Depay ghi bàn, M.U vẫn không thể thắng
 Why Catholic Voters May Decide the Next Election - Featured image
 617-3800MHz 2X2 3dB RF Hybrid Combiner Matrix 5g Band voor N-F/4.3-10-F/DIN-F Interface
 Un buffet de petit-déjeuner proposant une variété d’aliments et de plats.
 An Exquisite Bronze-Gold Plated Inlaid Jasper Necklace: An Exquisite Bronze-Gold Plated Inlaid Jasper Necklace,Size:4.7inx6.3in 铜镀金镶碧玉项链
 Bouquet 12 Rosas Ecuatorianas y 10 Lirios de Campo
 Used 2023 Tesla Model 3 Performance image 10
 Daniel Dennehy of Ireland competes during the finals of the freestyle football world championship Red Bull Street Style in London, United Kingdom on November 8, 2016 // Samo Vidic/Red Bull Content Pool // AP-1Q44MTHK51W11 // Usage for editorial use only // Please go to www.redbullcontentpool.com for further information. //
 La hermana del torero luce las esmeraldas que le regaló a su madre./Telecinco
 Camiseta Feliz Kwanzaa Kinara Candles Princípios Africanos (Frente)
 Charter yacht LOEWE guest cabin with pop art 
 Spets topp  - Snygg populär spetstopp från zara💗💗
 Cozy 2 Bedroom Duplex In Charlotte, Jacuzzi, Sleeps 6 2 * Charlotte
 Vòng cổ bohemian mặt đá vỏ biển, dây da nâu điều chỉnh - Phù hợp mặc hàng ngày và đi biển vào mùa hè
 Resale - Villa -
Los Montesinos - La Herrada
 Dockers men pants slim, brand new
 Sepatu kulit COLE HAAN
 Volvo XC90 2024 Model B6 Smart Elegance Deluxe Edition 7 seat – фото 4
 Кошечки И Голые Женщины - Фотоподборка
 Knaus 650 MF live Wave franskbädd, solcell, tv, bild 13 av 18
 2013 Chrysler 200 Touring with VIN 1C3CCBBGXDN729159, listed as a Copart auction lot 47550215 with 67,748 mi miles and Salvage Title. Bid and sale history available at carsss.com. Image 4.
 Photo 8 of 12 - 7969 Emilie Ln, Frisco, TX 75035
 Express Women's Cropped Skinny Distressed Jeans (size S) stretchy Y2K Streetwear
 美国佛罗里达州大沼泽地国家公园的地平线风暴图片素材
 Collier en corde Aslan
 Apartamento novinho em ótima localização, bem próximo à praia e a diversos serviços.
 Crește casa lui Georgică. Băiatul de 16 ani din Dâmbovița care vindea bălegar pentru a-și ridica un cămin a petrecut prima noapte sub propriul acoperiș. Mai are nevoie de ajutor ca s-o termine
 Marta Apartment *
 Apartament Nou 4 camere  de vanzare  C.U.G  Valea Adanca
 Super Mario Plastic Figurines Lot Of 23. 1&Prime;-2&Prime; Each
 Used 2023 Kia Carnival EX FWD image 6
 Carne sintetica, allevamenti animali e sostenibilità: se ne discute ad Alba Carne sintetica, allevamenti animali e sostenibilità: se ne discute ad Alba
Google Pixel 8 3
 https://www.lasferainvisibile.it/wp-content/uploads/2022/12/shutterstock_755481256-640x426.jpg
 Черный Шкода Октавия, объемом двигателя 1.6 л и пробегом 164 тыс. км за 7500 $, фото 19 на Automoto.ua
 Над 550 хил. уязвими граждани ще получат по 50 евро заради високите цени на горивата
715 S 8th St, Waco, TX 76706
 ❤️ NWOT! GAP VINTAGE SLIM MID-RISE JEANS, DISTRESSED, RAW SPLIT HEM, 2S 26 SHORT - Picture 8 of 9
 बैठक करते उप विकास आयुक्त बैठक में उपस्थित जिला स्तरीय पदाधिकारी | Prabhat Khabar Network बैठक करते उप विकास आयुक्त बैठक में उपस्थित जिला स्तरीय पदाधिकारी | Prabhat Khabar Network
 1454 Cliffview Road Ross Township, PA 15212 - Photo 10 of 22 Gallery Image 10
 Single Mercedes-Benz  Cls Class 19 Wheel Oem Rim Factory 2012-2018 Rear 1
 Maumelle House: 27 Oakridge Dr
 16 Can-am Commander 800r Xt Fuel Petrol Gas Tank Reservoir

**Aim of the exercise**
Among the records above, a stretch begins at the line containing "spetstopp från zara💗💗" and ends at the line containing "Super Mario Plastic". Restate that stretch word for word, and nothing else.

**Expected answer**
 Spets topp  - Snygg populär spetstopp från zara💗💗
 Cozy 2 Bedroom Duplex In Charlotte, Jacuzzi, Sleeps 6 2 * Charlotte
 Vòng cổ bohemian mặt đá vỏ biển, dây da nâu điều chỉnh - Phù hợp mặc hàng ngày và đi biển vào mùa hè
 Resale - Villa -
Los Montesinos - La Herrada
 Dockers men pants slim, brand new
 Sepatu kulit COLE HAAN
 Volvo XC90 2024 Model B6 Smart Elegance Deluxe Edition 7 seat – фото 4
 Кошечки И Голые Женщины - Фотоподборка
 Knaus 650 MF live Wave franskbädd, solcell, tv, bild 13 av 18
 2013 Chrysler 200 Touring with VIN 1C3CCBBGXDN729159, listed as a Copart auction lot 47550215 with 67,748 mi miles and Salvage Title. Bid and sale history available at carsss.com. Image 4.
 Photo 8 of 12 - 7969 Emilie Ln, Frisco, TX 75035
 Express Women's Cropped Skinny Distressed Jeans (size S) stretchy Y2K Streetwear
 美国佛罗里达州大沼泽地国家公园的地平线风暴图片素材
 Collier en corde Aslan
 Apartamento novinho em ótima localização, bem próximo à praia e a diversos serviços.
 Crește casa lui Georgică. Băiatul de 16 ani din Dâmbovița care vindea bălegar pentru a-și ridica un cămin a petrecut prima noapte sub propriul acoperiș. Mai are nevoie de ajutor ca s-o termine
 Marta Apartment *
 Apartament Nou 4 camere  de vanzare  C.U.G  Valea Adanca
 Super Mario Plastic Figurines Lot Of 23. 1&Prime;-2&Prime; Each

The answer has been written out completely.